On the voiceover, caver and professional photographer James Roddie also laughs: “I’m not going to lie, there’s a slight glint of fear in your eyes which is adding to it…”

The guys have just got through a particularly challenging part of the Cave Of True Wonders at a secret location on the Applecross peninsula.

And James has just said that it is absolute madness doing photography in this section of cave.

“But ain’t nobody else doing it!”

In the documentary, the two tackle three important caves in the Highlands, James on a mission to photograph them, some for the first time those parts of the cave will ever have been professionally-photographed, Mike to film it.

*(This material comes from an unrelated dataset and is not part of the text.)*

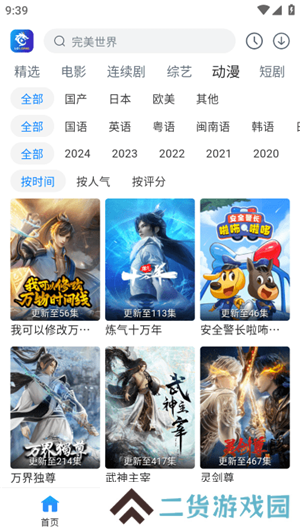 雷龙影视app免费追剧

And Mike had to learn to cave to make the film.

Mike Webster and James Roddie fresh from a cave expedition.
Mike Webster and James Roddie fresh from a cave expedition.

But the documentary is also witness to James and Mike talking about mental health, James devastatingly frank as he opens up about a long-running eating disorder and the death of his father which triggered a bad period for him. He also reveals the crucial role that climbing, and now caving, has played in his recovery.

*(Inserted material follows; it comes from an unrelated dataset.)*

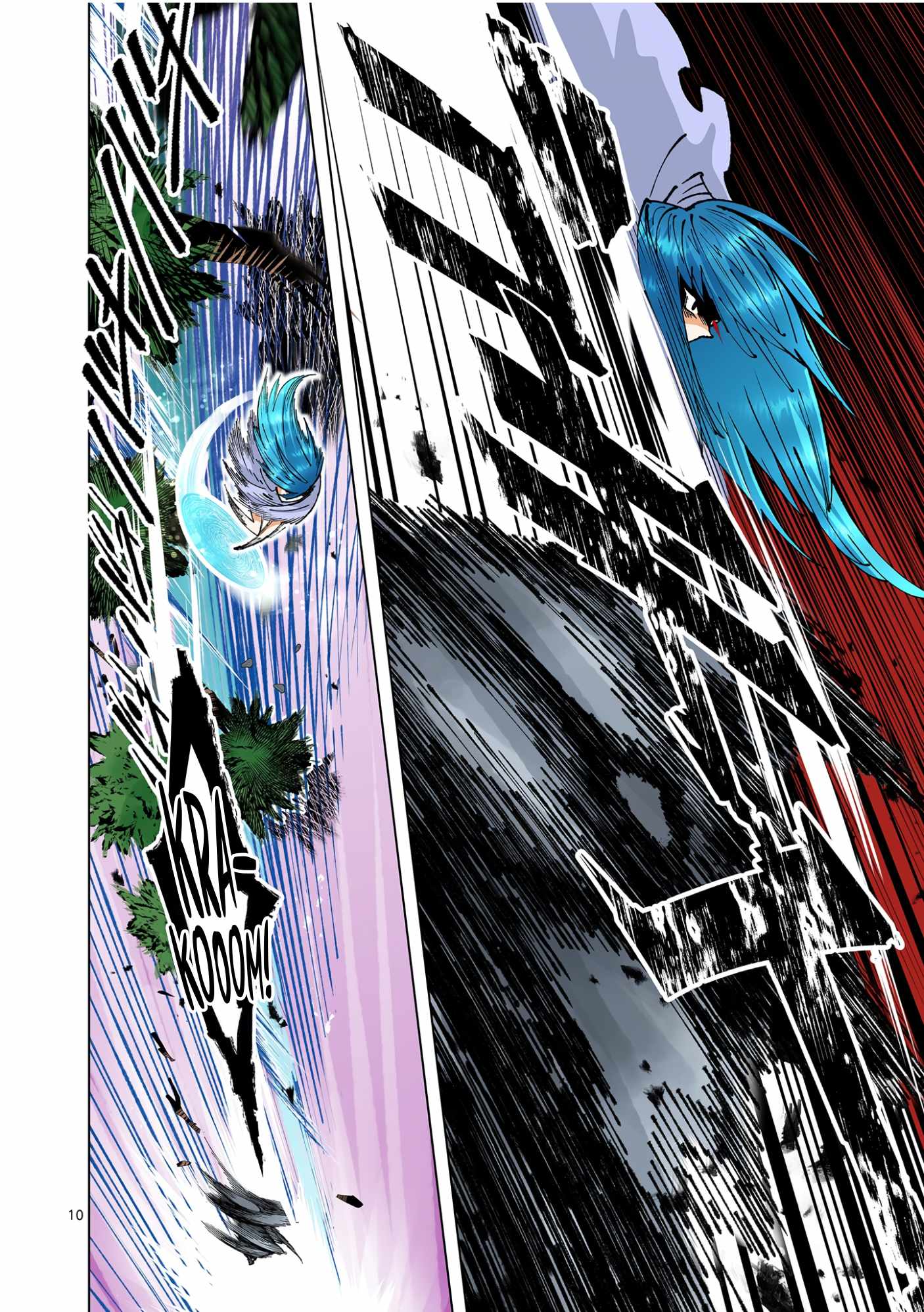 Saika no Majo wa Jiyuu ni Kurashitai Chapter 4 - Page 12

So with all that in mind, Down The Rabbit Hole is likely to be one of the bravest pieces of filmmaking you will ever see.

As well as sharing the thought processes of someone coping – or trying to – with mental illness, you get to relive the dangers of risking all in underground enclosed spaces.

You see ‘chokes’ and ‘hanging death’ – where big slabs of rock that have fallen from a cave roof are just lodged, maybe waiting to fall on an unwary caver.You can squeeze through “the Sphincter” with them, not to mention witness cavernous narrow wells sinking away into dark shadows deep in the earth that James crosses with one long stride. And of course there are the narrow spaces like chimneys in which we see Mike inch upward or the magical longest-in-Scotland stalactites he crouches beside to act as James’s model.

Down The Rabbit Hole, poster for Mike Webster and James Roddie's film.
Down The Rabbit Hole, poster for Mike Webster and James Roddie's film.

And as well as exposing and sharing things that make them face their own fears about both internal and underground places, the duo’s documentary makes you the viewer a wide-eyed explorer in what for many might be brave new worlds too.

The editing means the flow of the journeys and the voiceover from James drives the 40-odd minutes of documentary forward, though it lingers where it should.

The music by Deborah Shaw soundtracks the film in a perfectly-judged, understated way matched by a chilled guitar instrumental by Nicky Murray.

One of the most moving moments in the film sees the two men emerge from the ground in dawn sunshine at 6am after an overnight caving expedition, where a little deer in trees is caught for a few moments on camera, mesmerised and silhouetted against the green as it watches them.

What happens: Climber, caver and professional photographer James Roddie takes his friend and filmmaker Mike Webster to three Highland caves he wants to photograph, where some parts of the caves will be captured for the first time ever. While on their mission, James talks about his mental health issues, reveals his story and how his climbing and now caving affects his well-being and recovery.

Who for:

People fascinated or horrified by caving – this is your chance to look around and spend some time in some unique and unseen spaces with James and Mike taking the risks! But it’s also a revealing insight for anyone interested in the conversation about mental health, hearing one man’s story as he bravely opens up to share what he has learned.

Best quote: James: “The period of recovery from severe mental illness has in some ways given me or contributed to my better character aspects in my work as an outdoor photographer. It’s not an easy industry to work in, you have to persist and work really hard and you have to come back from being repeatedly knocked down. Odd as it sounds, I don’t think I would be able to do what I do as a job and in life if it hadn’t been for that period of recovery.”

An exhibition of some of James's photographs is on show in the first floor stalls gallery at Eden Court now until the end of November. It is also hoped to bring back Down The Rabbit Hole to the venue for another screening. Look out for further details.